Впрочем, повесть не об этом. Точнее, не только об этом. Молодой подмастерья, только что пристроенный на фабрику матерью в свои пятнадцать лет, стал свидетелем такого явления как заём. Вот вокруг этого заёма и крутится повествование. Многие, наверное, знают об этом явлении советской жизни. Я, если честно, плохо себе представляла, как это работает. Поэтому порылась в интернете. Если коротко – государство открывало подписку для рабочих. Работник, добровольно-принудительно подписывался на то, чтобы дать государству в долг сумму равную месячной зарплате. На заём нужно подписать как можно больше работников, в идеале всех, и происходит эта подписка на глазах у юноши, который сидит со своим обходным блокнотом в комнате начальника смены и видит все беседы, слышит непростые истории рабочих, видит отчаяние и смирение, старание выиграть что-нибудь для себя. И как начальник обещает одно и то же разным людям. Впрочем, чего они просят? Поставить их на большее количество станков, дать в бригаду самую продуктивную ткачиху. И в эту ночную смену, сменяя друг друга проходят перед подростком судьбы и характеры, открываются в неожиданных порывах души, и показывается долгая и тяжёлая жизнь каждого, дающего в долг государству из нелёгких заработков своих. Долгая-долгая, изнуряющая для обеих сторон ночная смена.

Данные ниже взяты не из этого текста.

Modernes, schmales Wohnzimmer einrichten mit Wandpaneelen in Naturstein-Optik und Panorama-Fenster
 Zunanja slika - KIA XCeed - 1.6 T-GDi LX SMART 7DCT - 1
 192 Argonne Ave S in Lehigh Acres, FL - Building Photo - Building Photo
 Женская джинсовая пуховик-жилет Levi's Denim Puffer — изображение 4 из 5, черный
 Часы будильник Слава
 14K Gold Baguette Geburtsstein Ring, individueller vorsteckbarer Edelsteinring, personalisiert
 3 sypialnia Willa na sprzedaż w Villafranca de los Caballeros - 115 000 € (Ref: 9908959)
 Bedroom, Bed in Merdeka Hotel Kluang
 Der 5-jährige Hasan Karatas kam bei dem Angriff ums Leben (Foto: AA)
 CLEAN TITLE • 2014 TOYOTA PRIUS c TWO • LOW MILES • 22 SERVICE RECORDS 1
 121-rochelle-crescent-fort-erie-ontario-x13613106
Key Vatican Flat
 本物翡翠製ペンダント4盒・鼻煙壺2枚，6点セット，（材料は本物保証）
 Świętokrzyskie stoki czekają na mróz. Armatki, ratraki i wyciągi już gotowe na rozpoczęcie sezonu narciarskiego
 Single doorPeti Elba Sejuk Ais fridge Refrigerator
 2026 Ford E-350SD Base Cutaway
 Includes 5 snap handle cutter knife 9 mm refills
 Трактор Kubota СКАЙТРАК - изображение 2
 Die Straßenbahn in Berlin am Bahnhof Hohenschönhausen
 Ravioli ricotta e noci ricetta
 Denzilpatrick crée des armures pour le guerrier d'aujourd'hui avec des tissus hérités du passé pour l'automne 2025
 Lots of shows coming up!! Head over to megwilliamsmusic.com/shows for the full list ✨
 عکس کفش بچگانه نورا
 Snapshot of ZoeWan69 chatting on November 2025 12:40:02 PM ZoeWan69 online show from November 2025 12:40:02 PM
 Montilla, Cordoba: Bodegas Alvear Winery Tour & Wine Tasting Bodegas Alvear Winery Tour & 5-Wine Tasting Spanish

«По списку я понял, что работа по займу продолжится ещё и завтра. И всё же большая часть её уже завершена. Можно сказать, заём поддержан единодушно коллективом смены. Так, наверно, и напишут в городской газетке – «единодушно». А на самом-то деле дорого стоило это гладкое, всё замазывающее слово, все – и нынешнюю смену Бабикова, и запах валерьяны, и небывалые откровения в этом неказистом кабинете, и мою смуту, и случай с Коваловой. Единодушно! Было в этом слове что-то неправильное, затягивающее истину блескучей ряской: я – свидетель, как не просто добывалось, складывалось это единодушие».
Вторая часть сборника посвящена как раз молодому поколению. Тем, на кого так рассчитывали матери, поднимая их в самые тяжёлые времена. И знаете, какое-то досадливое впечатление осталось от этих рассказов. Всё понятно, новое время, новые веяния, новые условия, но что-то как будто оказалось потерянным благодаря этим лучшим условиям.
Замечательная, искренняя, душевная книга, хранящая память о тяжёлых временах и испытаниях, через которые пришлось пройти и нашим родным. Книга, будящая память о рассказах старших родственников про бесконечные очереди за хлебом или далёкую дорогу на работу сквозь мрак зимней морозной ночи. Книга, которая совершенно точно займёт особое место на полке моего книжного шкафа.